Closed HannahYY closed 4 years ago
Where is the text annotation file? Or what is the name ? thanks Did you finally figure out ANNOTAION=path
Yes, and I guess ANNOTATION = data2text-1/ie*/rotowire-modified-anno.txt . Is it right?
Hi, sorry for the late response. You can make an annotation file using the IE model we provide. After running the setup.sh, first you need to make the gold text file for training data, which is tokenized by NLTK.
TRAIN_TXT=train.txt
cat train.json | python -c 'import sys, json, nltk; print("\n".join(" ".join(nltk.word_tokenize(" ".join(x["summary"]))) for x in json.load(sys.stdin)))' > $TRAIN_TXT
Then, you can run the following command to obtain the annotation file for training data.
python data_utils.py -mode prep_gen_data -gen_fi $TRAIN_TXT$ -dict_pfx "rotowire-modified-ie" -output_fi train_gold.h5 -input_path "../rotowire_v2" -train
th extractor.lua -gpuid 1 -datafile rotowire-modified-ie.h5 -preddata train_gold.h5 -dict_pfx "rotowire-modified-ie" -just_eval
Finally, you can find the annotaion file, train_gold.h5-tuples.txt
, in the same directory.
As @HannahYY mentioned, the attached file, rotowire-modified-anno.txt, is also retrieved with this procedure. I'll write down a more detailed procedure for making an annotation file around mid of Dec.

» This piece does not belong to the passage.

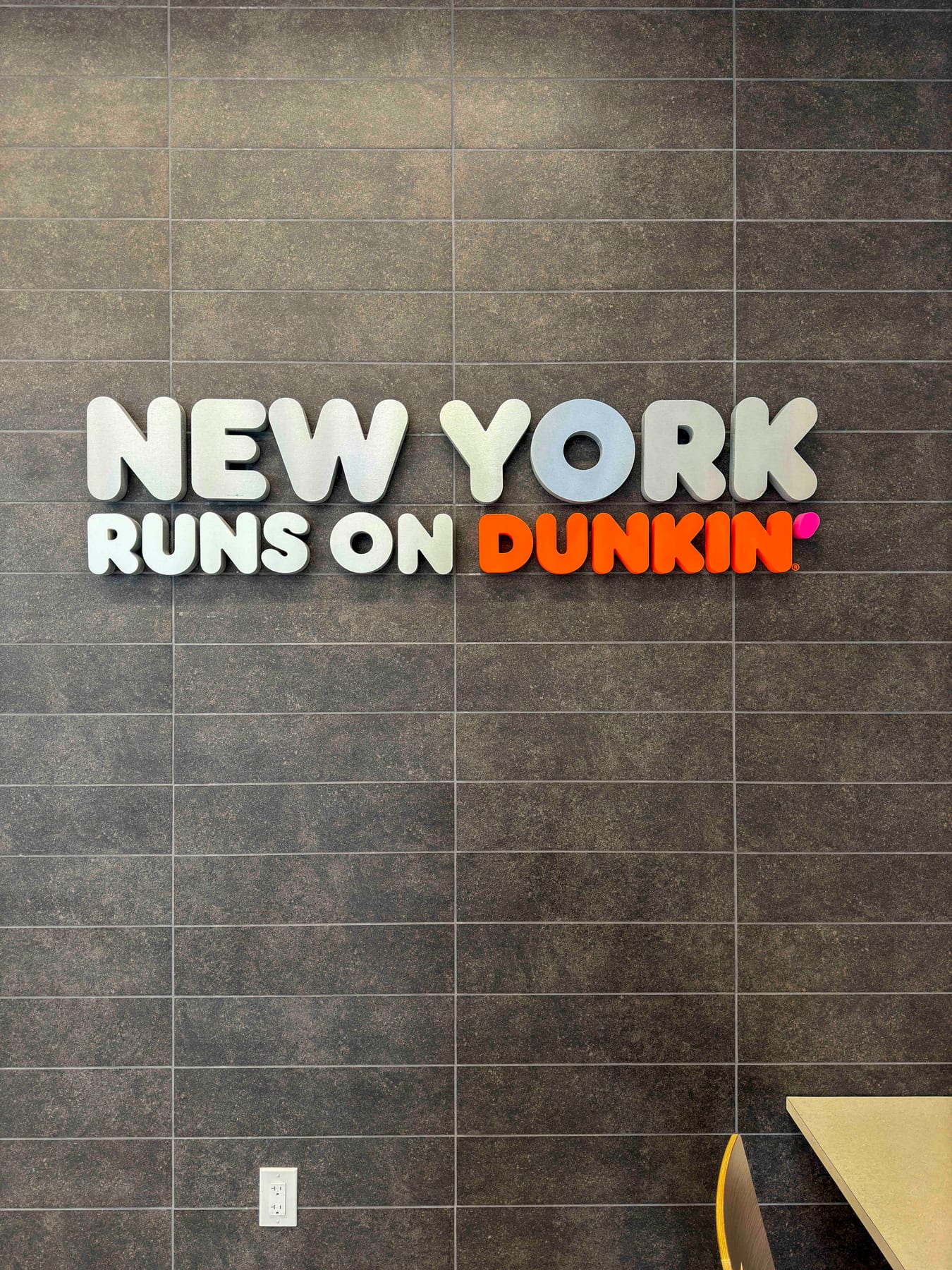 Dunkin' in Lower Manhattan, Manhattan, New York, interior view 2, designed by Zelta Design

Thank you for your reply, but I have not solved the problem yet.
Are your python 2.7 and dynet 2.1 versions respectively?

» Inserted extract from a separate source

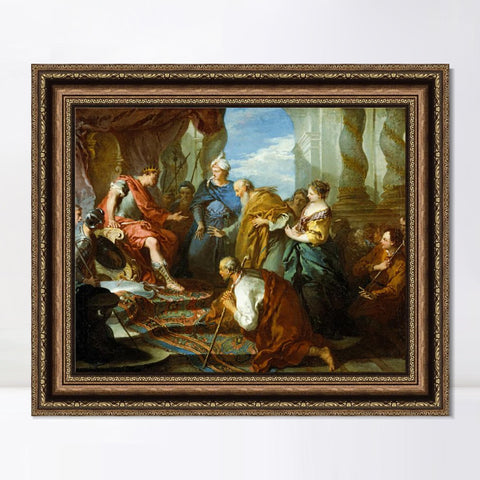 INVIN ART Framed Canvas Art Giclee Print Series#013 by Francois Boucher Wall Art Living Room Home Office Decorations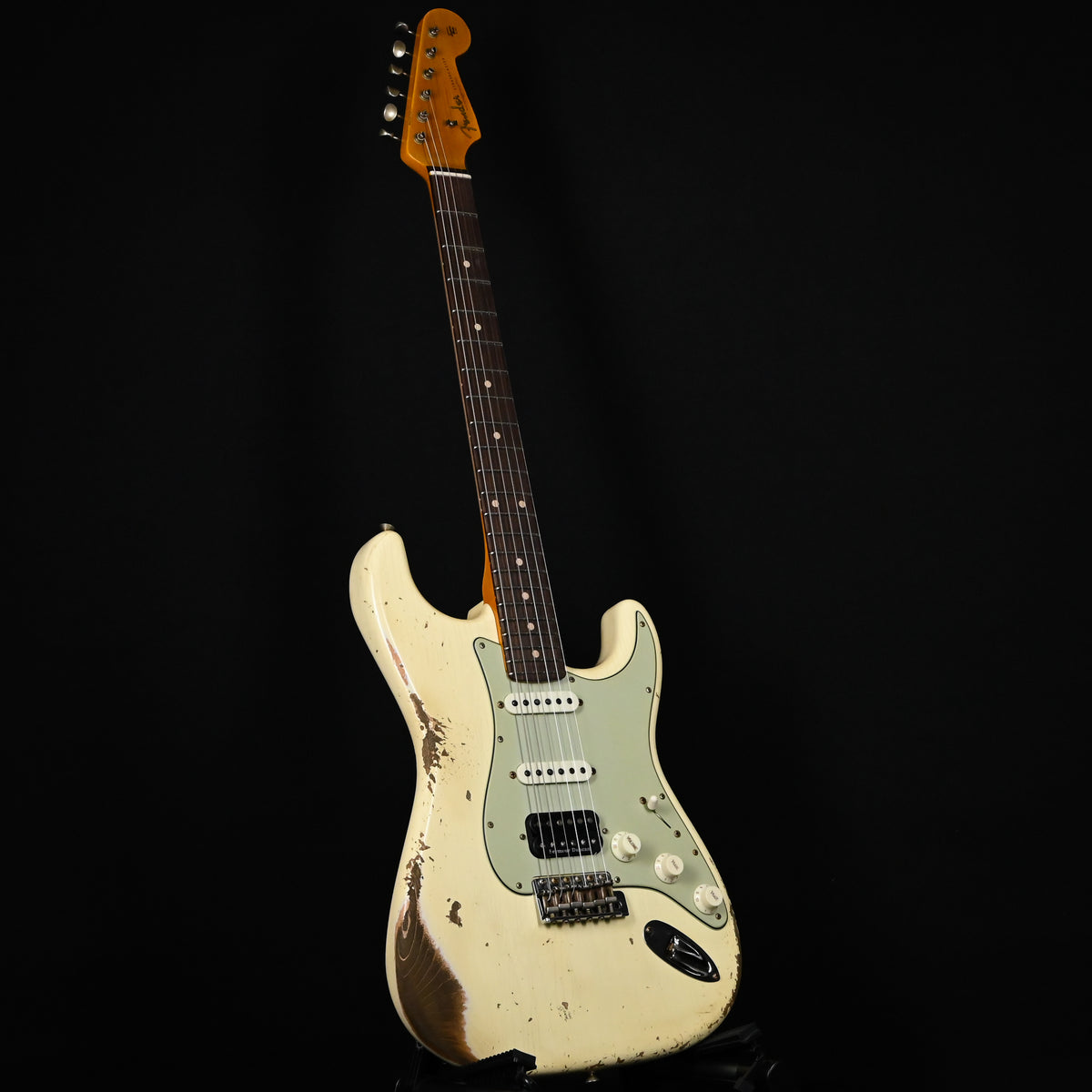 Fender Custom Shop '62 Stratocaster HSS w/ Alder Body, Heavy Relic- Vintage White 2026 (R150481)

My implementation steps are as follows:
1、 I preprocessed “python make_data.py $DATA $ANNOTATION $VOCAB”, the dump folder was generated "Reporter_nh_vocab-128_nh_rnn-512_writer_15.dy". is right?
2、And then, executive training "python reporter.py train ../dump/Reporter_nh_vocab-128_nh_rnn-512_26.dy --valid_file ../rotowire_v2/valid.json",
But the following error occurred:
[dynet] random seed: 2900451995
[dynet] using autobatching
[dynet] allocating memory: 7544MB
[dynet] memory allocation done.
2019-11-25 17:03:32.382964 Log dir at /tmp/1574672612
2019-11-25 17:03:32.383040 Loading dataset...
Traceback (most recent call last):
File "reporter.py", line 112, in
Is this a problem with my installation package version?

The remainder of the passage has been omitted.